--- The data Enclosed Below ---

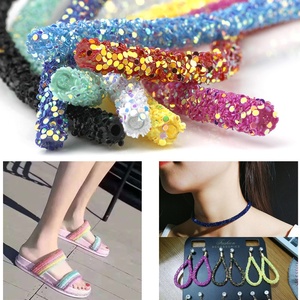Bán buôn AB cầu vồng đầy màu sắc Sequins keo-on mềm ống dây dây Rhinestones Sequins cắt tỉa cho hàng may mặc phụ kiện - Product Image 5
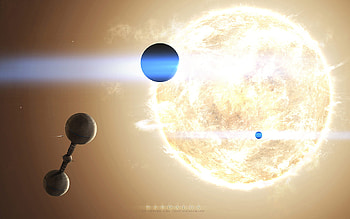 Daedalus, sunshine, ship, gucken, universe, michelmann, station, jeff, bright, space, sun HD wallpaper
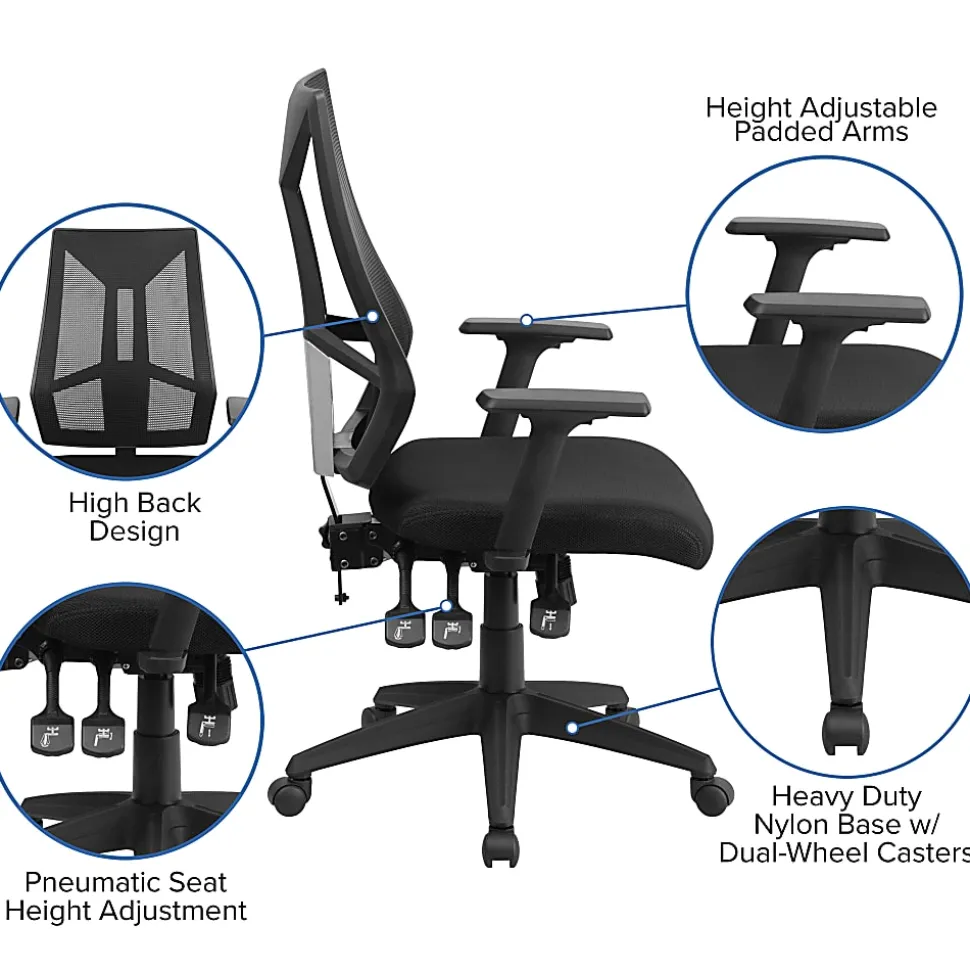 Flash Furniture High Back Mesh Multifunction Swivel Ergonomic Task Office Chair with Adjustable Arms, Black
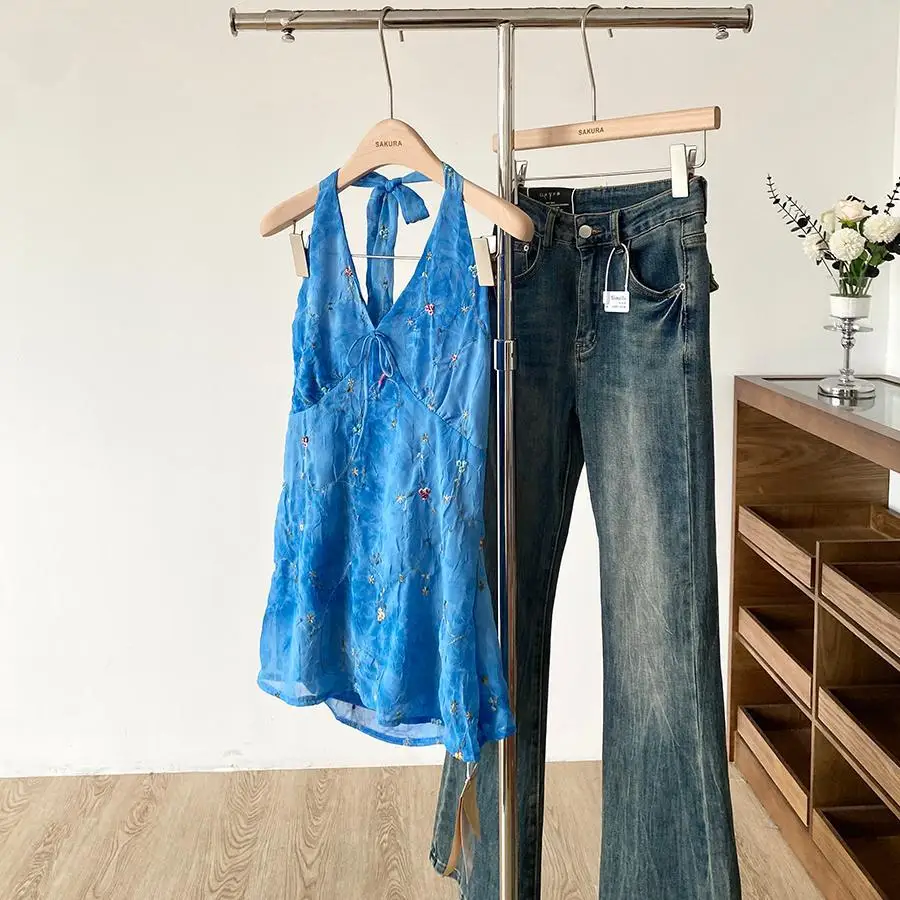 

Korean Style Fashionable and Versatile Slim Neck Halter Vest Women's Top Trendy 2025 Summer New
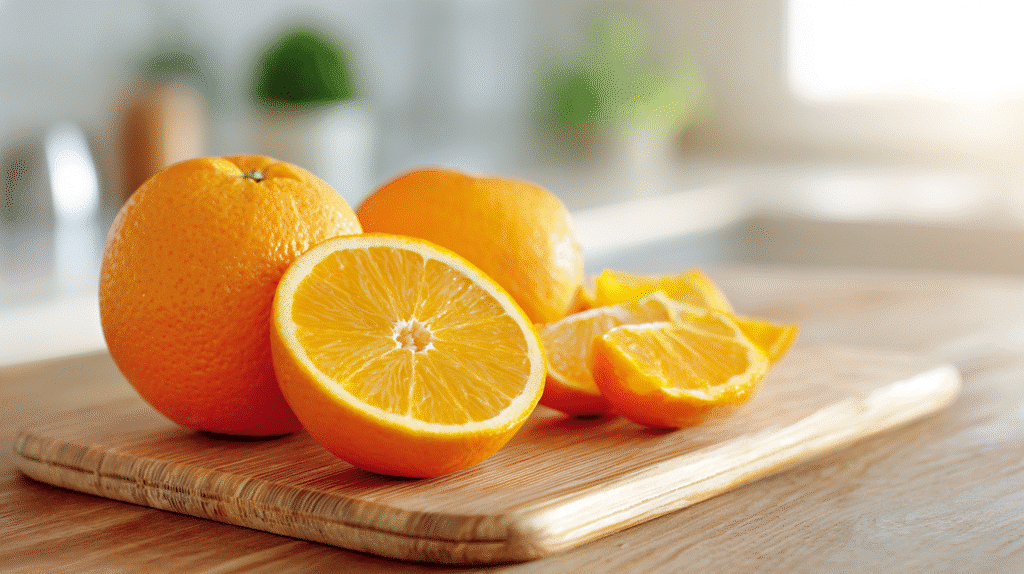 Fresh oranges used to make dried orange slices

--- End of Enclosed The data ---

Without any picture, return exactly the lines of the records above from the first through the line that contains "sun HD wallpaper".

Response to this task ->
Bán buôn AB cầu vồng đầy màu sắc Sequins keo-on mềm ống dây dây Rhinestones Sequins cắt tỉa cho hàng may mặc phụ kiện - Product Image 5
 Daedalus, sunshine, ship, gucken, universe, michelmann, station, jeff, bright, space, sun HD wallpaper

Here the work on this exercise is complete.